It is a strange week because everything that happens is not what one would have expected to happen.. The start of the week – Jesus’ triumphal procession into Jerusalem is unconventional.  We know the story so well that we overlook how strange it must have appeared to those first century Jews and Romans who witnessed it.  Passover is a very sensitive time and the Romans will be on red alert.

But let me step back a bit and ask the question: What would it have felt like to be a Jew in first Century Palestine?

Judas Maccabeus – in 167 BC. Called the hammerer --had risen up against Antiochus IV when Antiochus had had the affrontary to sacrifice a pig on the Altar in the Temple.

Not a politically good move by Antiochus, but he had wanted to rub the faces of the Jews into the dirt. The Jews hated the Romans and are expecting an all  conquering  Messiah/ King to free them  from the tyranny they are suffering  But it backfired and Antiochus was driven out of Israel  For about 100 years Israel had been free - living under the rule of the Hasmonean Kings – descendants of Judas Maccabeus.

But in 67 BC, Pompey the Roman general, was asked to mediate between two rival claimants to the Hasmoneam throne.
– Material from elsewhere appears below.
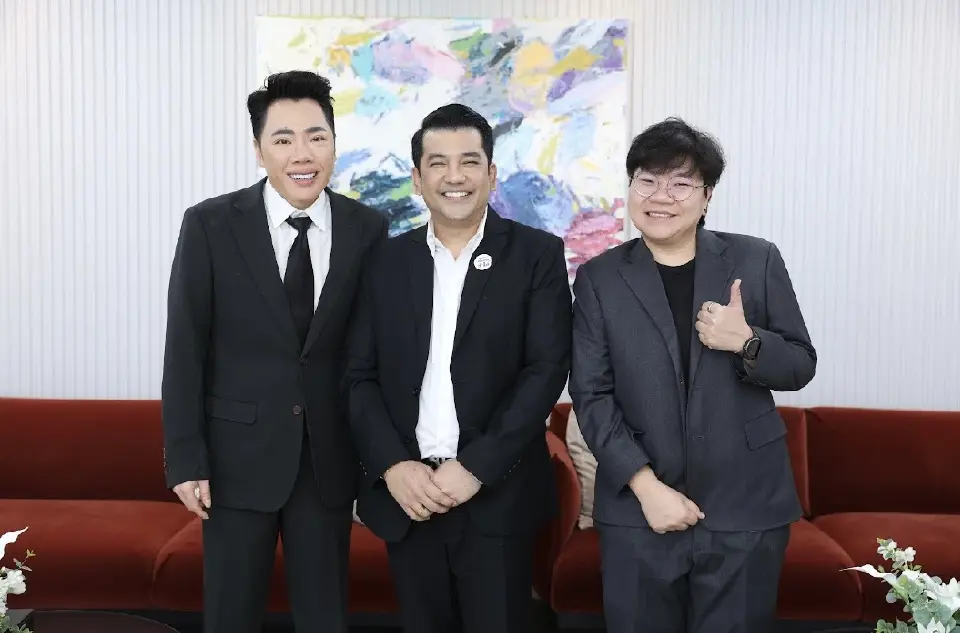 เพื่อไทยเปิดตัวคนรุ่นใหม่ "รวีภัทร์-มดเล็ก" น้องชายมดดำ-คนสนิทลงสู้ศึก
That wasn’t a wise move because instead, Pompey decided to conquer Israel and incorporate it into the Roman Empire. That remained the case during Jesus life time and for many centuries after. The Jewish populace thus resented the Romans and were looking for a Messiah who would boot the hated Romans out. For the Jews that is the only type of Messiah they can understand and are expecting at the beginning of Holy Week.

In fact if the crowds have been watching carefully they would have realized that  something wasn’t quite right.

Jesus chooses to ride into Jerusalem. They have no problem with that as, Yes,  many are expecting him to rise up and throw the Romans out of Israel. What was entirely UNEXPECTED is that Jesus rides into Jerusalem on a donkey.  People - in Jesus day - would expect a king who will lead an uprising to ride in - in a triumphal procession - on a powerful war chariot pulled by four stallions.  This is the normal display in a Roman triumph.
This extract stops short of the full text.